TASK DIRECTIONS:
The required copy runs from the first line of the material through the line containing "Entnazifizierung Jakob Heesen", exactly as written and without pictures.

EXTRACTED MATERIAL:
/---

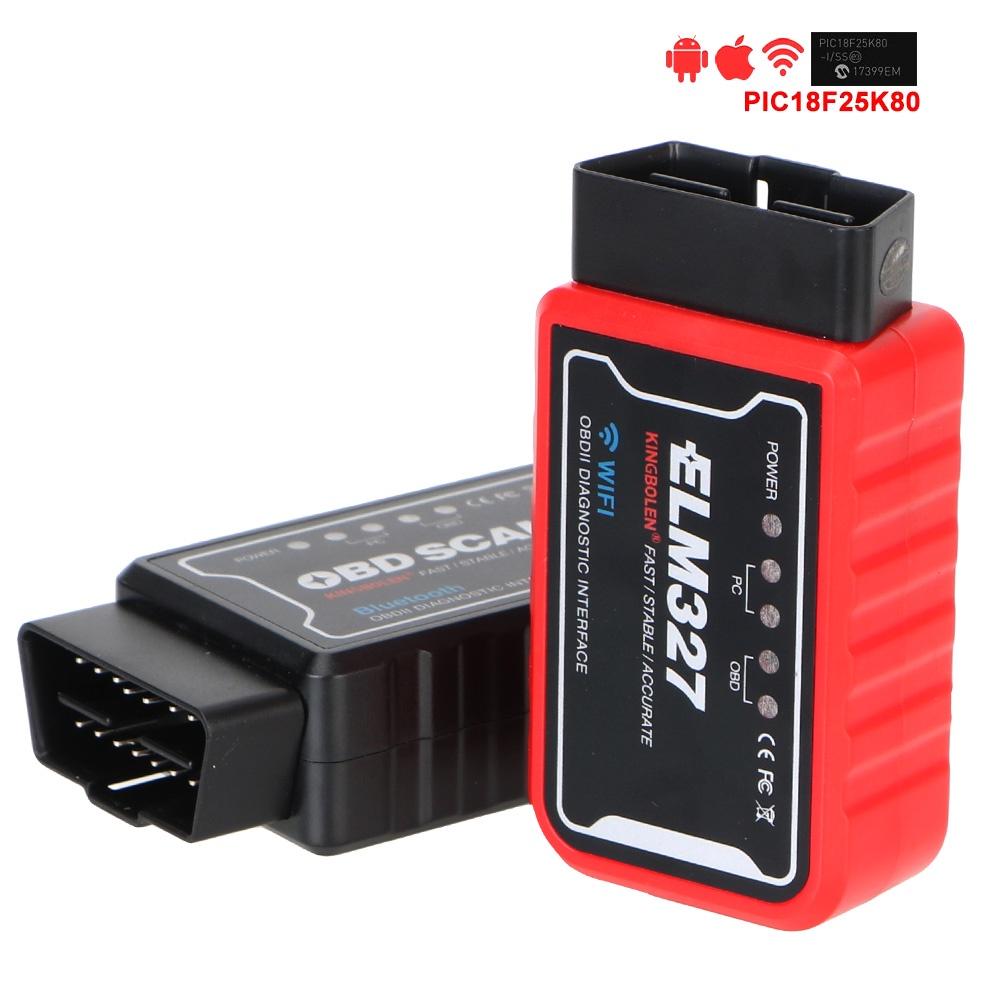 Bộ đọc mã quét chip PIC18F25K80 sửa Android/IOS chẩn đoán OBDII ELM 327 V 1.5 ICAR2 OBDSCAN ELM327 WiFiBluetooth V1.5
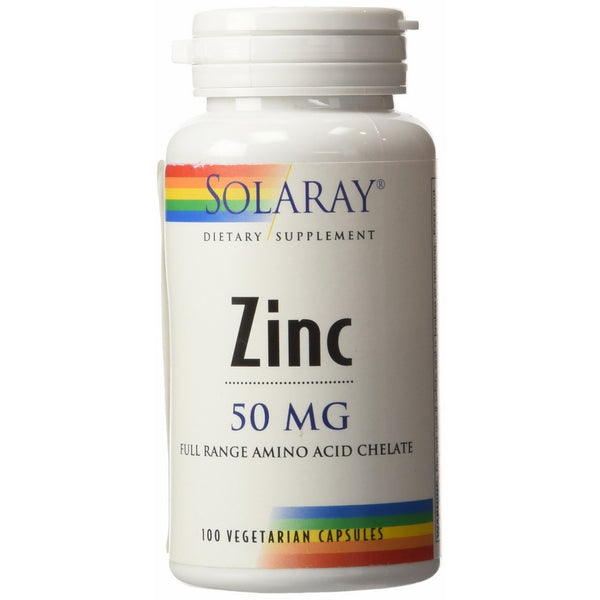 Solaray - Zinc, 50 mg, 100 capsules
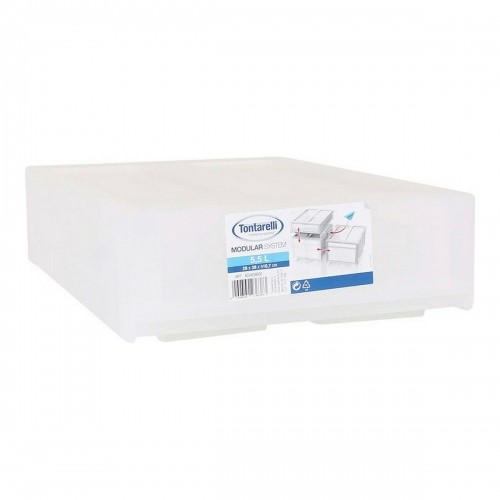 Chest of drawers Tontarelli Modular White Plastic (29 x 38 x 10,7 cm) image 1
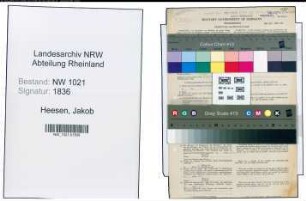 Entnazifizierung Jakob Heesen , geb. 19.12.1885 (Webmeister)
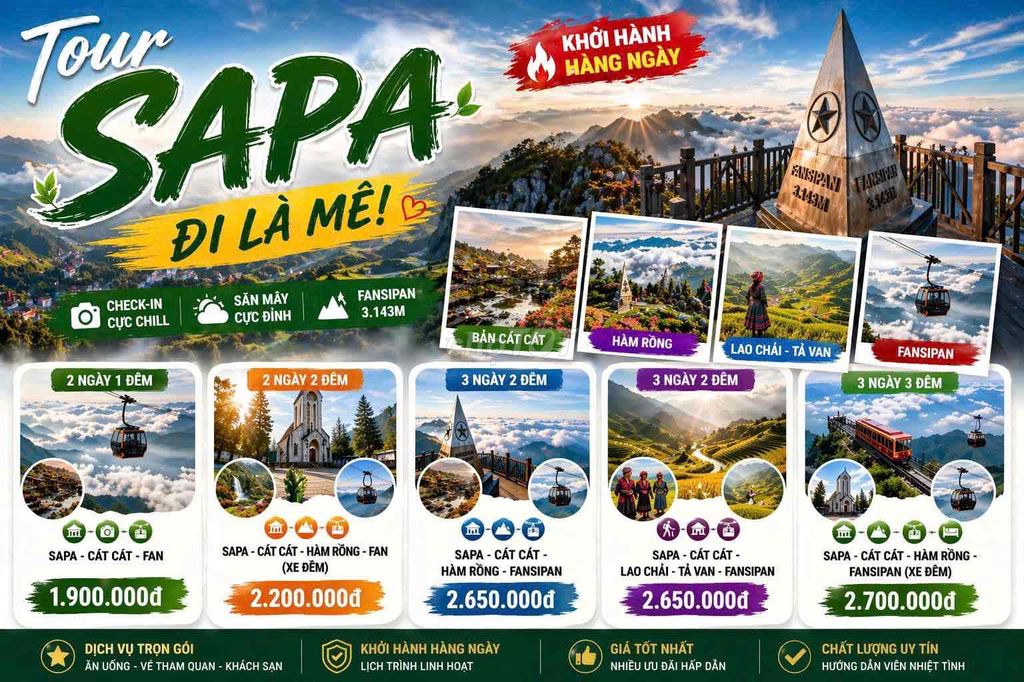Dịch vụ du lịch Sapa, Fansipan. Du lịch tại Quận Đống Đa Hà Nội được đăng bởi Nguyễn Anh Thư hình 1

\---

EXPECTED ANSWER:
 Bộ đọc mã quét chip PIC18F25K80 sửa Android/IOS chẩn đoán OBDII ELM 327 V 1.5 ICAR2 OBDSCAN ELM327 WiFiBluetooth V1.5
 Solaray - Zinc, 50 mg, 100 capsules
 Chest of drawers Tontarelli Modular White Plastic (29 x 38 x 10,7 cm) image 1
 Entnazifizierung Jakob Heesen , geb. 19.12.1885 (Webmeister)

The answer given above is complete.